== THE RECORDS ==

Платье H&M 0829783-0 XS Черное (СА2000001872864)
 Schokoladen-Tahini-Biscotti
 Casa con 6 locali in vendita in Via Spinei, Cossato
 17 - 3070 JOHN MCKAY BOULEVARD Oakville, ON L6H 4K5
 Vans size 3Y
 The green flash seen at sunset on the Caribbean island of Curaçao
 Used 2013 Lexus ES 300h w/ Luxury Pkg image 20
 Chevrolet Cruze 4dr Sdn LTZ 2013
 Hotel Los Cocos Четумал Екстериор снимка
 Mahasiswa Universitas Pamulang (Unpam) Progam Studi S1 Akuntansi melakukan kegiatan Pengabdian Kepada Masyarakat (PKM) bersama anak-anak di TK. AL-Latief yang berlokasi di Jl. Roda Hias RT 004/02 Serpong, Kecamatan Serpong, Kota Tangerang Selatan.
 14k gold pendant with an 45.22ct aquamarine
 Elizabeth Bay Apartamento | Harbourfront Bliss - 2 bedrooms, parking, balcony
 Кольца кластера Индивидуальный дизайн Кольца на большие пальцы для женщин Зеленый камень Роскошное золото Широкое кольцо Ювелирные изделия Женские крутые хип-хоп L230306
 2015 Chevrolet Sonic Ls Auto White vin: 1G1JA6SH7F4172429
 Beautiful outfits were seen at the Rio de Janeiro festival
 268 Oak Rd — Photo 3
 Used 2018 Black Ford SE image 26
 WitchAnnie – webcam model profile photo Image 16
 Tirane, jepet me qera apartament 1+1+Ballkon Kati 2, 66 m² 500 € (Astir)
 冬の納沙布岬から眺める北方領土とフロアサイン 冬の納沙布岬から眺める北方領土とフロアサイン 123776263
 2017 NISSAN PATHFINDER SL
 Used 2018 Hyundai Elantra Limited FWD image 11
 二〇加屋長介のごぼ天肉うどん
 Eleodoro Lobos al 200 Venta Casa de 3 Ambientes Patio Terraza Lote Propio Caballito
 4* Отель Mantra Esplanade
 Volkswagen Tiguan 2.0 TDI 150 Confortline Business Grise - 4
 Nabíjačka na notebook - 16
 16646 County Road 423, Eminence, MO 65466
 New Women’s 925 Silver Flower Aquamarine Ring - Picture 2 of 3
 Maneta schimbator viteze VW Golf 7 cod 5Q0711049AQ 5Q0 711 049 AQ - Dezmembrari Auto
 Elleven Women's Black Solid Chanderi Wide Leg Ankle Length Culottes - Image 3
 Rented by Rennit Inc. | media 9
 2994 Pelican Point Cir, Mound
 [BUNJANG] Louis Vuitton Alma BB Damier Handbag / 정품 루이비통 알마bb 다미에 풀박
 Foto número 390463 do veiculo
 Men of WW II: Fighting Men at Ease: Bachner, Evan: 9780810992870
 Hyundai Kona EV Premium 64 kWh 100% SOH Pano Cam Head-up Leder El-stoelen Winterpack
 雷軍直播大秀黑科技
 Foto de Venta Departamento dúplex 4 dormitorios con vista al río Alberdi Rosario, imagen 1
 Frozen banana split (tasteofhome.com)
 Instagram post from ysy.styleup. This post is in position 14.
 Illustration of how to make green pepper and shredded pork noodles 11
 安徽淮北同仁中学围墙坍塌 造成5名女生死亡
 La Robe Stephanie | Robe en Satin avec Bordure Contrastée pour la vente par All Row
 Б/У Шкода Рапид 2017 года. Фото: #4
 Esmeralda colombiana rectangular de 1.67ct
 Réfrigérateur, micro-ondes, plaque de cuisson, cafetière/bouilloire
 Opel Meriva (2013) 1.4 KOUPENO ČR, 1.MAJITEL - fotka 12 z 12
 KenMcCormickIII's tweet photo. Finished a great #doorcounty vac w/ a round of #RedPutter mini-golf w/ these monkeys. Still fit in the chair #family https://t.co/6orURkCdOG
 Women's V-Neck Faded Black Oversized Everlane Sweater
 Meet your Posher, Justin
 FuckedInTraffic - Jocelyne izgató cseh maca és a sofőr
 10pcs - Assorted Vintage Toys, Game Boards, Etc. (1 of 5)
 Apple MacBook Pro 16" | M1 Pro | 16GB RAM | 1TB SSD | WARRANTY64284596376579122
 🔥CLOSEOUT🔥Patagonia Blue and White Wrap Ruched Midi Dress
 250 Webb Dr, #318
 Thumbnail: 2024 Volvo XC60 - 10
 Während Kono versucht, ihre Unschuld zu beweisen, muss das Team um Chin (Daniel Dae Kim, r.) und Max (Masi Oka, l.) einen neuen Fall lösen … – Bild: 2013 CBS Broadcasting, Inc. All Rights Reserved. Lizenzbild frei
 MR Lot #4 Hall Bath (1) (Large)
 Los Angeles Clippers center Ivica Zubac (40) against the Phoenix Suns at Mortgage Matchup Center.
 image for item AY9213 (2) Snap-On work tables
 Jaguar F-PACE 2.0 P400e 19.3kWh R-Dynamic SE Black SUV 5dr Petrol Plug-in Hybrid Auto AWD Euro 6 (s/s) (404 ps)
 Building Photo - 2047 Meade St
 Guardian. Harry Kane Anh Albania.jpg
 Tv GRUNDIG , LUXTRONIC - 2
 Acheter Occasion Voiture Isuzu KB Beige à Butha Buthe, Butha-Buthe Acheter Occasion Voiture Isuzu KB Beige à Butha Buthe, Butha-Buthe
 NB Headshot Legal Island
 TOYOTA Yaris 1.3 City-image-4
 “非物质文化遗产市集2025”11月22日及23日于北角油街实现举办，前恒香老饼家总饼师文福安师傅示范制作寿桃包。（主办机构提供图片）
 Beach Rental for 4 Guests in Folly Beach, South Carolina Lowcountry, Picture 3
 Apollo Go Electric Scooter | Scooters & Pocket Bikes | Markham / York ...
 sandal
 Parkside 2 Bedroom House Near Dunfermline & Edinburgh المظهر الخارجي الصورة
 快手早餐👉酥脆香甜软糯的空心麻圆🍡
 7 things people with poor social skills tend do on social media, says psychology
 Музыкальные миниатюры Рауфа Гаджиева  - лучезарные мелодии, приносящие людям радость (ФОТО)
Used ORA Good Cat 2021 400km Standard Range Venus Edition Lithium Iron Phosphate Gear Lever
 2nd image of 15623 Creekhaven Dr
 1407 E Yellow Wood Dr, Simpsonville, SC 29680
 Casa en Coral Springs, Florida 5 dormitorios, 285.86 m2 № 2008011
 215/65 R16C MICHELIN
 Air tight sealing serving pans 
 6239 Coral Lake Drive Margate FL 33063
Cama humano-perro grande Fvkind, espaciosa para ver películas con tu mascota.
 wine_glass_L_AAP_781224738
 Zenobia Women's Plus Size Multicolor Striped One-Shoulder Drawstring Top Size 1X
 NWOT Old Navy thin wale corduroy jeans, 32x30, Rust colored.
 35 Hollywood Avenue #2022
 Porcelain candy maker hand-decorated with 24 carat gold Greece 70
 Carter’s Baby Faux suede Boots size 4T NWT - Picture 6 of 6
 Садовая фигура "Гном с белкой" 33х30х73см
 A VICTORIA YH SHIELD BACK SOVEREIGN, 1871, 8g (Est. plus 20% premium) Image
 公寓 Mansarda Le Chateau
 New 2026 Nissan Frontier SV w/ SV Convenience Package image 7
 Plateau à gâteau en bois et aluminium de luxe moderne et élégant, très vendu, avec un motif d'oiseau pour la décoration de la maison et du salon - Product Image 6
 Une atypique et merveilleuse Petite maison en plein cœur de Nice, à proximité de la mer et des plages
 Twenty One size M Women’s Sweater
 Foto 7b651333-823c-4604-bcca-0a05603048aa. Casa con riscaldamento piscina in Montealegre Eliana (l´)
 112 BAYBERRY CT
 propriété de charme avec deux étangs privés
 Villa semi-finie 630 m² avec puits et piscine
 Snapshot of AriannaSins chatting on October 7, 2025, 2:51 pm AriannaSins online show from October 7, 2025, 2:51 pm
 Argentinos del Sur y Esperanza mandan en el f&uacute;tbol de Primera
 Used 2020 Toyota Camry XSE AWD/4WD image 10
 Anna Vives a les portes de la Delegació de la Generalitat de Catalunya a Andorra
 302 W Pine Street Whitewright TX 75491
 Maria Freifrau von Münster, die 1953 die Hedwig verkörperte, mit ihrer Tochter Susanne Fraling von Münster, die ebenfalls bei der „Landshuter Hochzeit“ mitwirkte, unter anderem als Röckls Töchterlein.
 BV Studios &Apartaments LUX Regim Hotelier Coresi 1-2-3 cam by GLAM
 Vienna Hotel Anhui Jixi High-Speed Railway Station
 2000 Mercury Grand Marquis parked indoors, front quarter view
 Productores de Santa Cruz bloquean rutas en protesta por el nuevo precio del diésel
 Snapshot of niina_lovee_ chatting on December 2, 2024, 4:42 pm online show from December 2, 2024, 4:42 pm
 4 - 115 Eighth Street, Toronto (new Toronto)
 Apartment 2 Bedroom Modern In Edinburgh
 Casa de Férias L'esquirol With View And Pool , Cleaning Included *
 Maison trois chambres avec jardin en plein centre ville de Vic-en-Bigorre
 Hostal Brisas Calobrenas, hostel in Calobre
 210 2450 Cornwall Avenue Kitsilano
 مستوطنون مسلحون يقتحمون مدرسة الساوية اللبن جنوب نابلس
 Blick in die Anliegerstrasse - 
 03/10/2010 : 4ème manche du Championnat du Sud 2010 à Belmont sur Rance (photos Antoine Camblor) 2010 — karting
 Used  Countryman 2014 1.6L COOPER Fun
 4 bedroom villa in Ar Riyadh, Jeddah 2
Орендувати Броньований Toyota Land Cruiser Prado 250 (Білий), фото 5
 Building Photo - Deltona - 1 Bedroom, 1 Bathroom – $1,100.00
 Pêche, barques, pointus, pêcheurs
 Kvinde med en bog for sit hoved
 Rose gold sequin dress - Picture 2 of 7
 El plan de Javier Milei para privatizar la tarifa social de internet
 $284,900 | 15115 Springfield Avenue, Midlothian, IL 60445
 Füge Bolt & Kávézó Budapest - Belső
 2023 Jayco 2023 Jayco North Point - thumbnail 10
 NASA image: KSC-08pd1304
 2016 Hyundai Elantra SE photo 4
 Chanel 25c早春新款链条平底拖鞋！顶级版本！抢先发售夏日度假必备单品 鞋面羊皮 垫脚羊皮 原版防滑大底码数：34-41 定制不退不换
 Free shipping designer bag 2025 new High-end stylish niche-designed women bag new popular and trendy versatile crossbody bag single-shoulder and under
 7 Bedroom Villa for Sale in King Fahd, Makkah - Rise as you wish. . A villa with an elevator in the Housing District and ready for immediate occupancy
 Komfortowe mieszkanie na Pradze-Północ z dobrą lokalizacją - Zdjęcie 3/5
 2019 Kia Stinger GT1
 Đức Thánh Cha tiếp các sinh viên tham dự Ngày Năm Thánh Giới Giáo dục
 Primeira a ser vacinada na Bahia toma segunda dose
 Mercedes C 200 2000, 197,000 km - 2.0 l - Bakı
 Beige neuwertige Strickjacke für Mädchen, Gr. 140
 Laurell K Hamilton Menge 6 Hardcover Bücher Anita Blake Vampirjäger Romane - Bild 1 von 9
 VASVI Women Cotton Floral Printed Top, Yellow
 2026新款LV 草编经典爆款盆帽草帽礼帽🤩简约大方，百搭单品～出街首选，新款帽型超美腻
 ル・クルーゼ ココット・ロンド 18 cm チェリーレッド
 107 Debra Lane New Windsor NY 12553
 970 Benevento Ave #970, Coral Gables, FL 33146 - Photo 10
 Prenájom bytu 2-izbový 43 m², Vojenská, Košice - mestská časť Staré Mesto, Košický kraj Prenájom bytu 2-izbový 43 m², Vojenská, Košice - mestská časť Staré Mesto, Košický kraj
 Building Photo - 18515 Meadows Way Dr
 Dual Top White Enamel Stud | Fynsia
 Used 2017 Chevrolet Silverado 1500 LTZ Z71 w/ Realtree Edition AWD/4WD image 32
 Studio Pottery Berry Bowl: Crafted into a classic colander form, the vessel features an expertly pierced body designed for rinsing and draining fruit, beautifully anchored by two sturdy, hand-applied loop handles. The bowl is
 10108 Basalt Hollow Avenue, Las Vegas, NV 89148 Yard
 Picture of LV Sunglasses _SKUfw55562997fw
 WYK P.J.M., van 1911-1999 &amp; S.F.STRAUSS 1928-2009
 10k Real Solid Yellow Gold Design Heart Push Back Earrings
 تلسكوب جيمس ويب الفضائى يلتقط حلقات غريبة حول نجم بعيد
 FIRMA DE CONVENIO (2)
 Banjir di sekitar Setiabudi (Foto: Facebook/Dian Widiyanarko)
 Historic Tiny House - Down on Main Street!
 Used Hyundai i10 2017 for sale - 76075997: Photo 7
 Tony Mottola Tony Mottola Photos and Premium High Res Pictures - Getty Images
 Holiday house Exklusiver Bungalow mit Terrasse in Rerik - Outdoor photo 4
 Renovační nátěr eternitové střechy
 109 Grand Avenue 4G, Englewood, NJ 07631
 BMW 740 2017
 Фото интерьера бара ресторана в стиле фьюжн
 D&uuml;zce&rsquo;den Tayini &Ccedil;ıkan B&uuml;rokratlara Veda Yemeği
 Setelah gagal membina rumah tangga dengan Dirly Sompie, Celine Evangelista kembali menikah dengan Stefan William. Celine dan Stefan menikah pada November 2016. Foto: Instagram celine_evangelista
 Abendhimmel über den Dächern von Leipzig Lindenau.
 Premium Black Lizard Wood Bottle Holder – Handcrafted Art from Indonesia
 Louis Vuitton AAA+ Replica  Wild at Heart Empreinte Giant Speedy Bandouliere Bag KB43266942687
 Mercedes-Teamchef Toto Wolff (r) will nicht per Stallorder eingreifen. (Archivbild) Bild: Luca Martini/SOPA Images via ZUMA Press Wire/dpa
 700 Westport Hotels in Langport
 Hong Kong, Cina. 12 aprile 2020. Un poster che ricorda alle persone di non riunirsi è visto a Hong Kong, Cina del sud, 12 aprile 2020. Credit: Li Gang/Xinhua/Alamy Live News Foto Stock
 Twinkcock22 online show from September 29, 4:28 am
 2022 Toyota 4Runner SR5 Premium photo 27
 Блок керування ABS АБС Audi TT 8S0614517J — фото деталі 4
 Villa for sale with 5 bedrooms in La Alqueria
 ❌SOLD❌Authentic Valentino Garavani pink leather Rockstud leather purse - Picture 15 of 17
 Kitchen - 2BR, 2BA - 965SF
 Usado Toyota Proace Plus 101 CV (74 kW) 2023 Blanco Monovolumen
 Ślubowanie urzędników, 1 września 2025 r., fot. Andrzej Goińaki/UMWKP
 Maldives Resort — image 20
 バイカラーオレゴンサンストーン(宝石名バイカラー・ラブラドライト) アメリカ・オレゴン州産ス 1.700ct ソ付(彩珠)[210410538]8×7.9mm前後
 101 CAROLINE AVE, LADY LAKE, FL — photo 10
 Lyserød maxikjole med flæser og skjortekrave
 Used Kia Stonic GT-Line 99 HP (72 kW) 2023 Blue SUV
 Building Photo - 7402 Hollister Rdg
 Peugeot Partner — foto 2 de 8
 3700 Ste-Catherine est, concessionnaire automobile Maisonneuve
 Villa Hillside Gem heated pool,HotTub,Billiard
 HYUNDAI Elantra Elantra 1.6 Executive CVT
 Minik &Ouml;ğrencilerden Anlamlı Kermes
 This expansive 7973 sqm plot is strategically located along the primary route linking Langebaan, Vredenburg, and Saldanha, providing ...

===

The lines above, starting at the one with "Pêche, barques, pointus, pêcheurs" and ending at the one with "Building Photo - 18515 Meadows Way Dr", are the only ones to return, exactly as written.

 Pêche, barques, pointus, pêcheurs
 Kvinde med en bog for sit hoved
 Rose gold sequin dress - Picture 2 of 7
 El plan de Javier Milei para privatizar la tarifa social de internet
 $284,900 | 15115 Springfield Avenue, Midlothian, IL 60445
 Füge Bolt & Kávézó Budapest - Belső
 2023 Jayco 2023 Jayco North Point - thumbnail 10
 NASA image: KSC-08pd1304
 2016 Hyundai Elantra SE photo 4
 Chanel 25c早春新款链条平底拖鞋！顶级版本！抢先发售夏日度假必备单品 鞋面羊皮 垫脚羊皮 原版防滑大底码数：34-41 定制不退不换
 Free shipping designer bag 2025 new High-end stylish niche-designed women bag new popular and trendy versatile crossbody bag single-shoulder and under
 7 Bedroom Villa for Sale in King Fahd, Makkah - Rise as you wish. . A villa with an elevator in the Housing District and ready for immediate occupancy
 Komfortowe mieszkanie na Pradze-Północ z dobrą lokalizacją - Zdjęcie 3/5
 2019 Kia Stinger GT1
 Đức Thánh Cha tiếp các sinh viên tham dự Ngày Năm Thánh Giới Giáo dục
 Primeira a ser vacinada na Bahia toma segunda dose
 Mercedes C 200 2000, 197,000 km - 2.0 l - Bakı
 Beige neuwertige Strickjacke für Mädchen, Gr. 140
 Laurell K Hamilton Menge 6 Hardcover Bücher Anita Blake Vampirjäger Romane - Bild 1 von 9
 VASVI Women Cotton Floral Printed Top, Yellow
 2026新款LV 草编经典爆款盆帽草帽礼帽🤩简约大方，百搭单品～出街首选，新款帽型超美腻
 ル・クルーゼ ココット・ロンド 18 cm チェリーレッド
 107 Debra Lane New Windsor NY 12553
 970 Benevento Ave #970, Coral Gables, FL 33146 - Photo 10
 Prenájom bytu 2-izbový 43 m², Vojenská, Košice - mestská časť Staré Mesto, Košický kraj Prenájom bytu 2-izbový 43 m², Vojenská, Košice - mestská časť Staré Mesto, Košický kraj
 Building Photo - 18515 Meadows Way Dr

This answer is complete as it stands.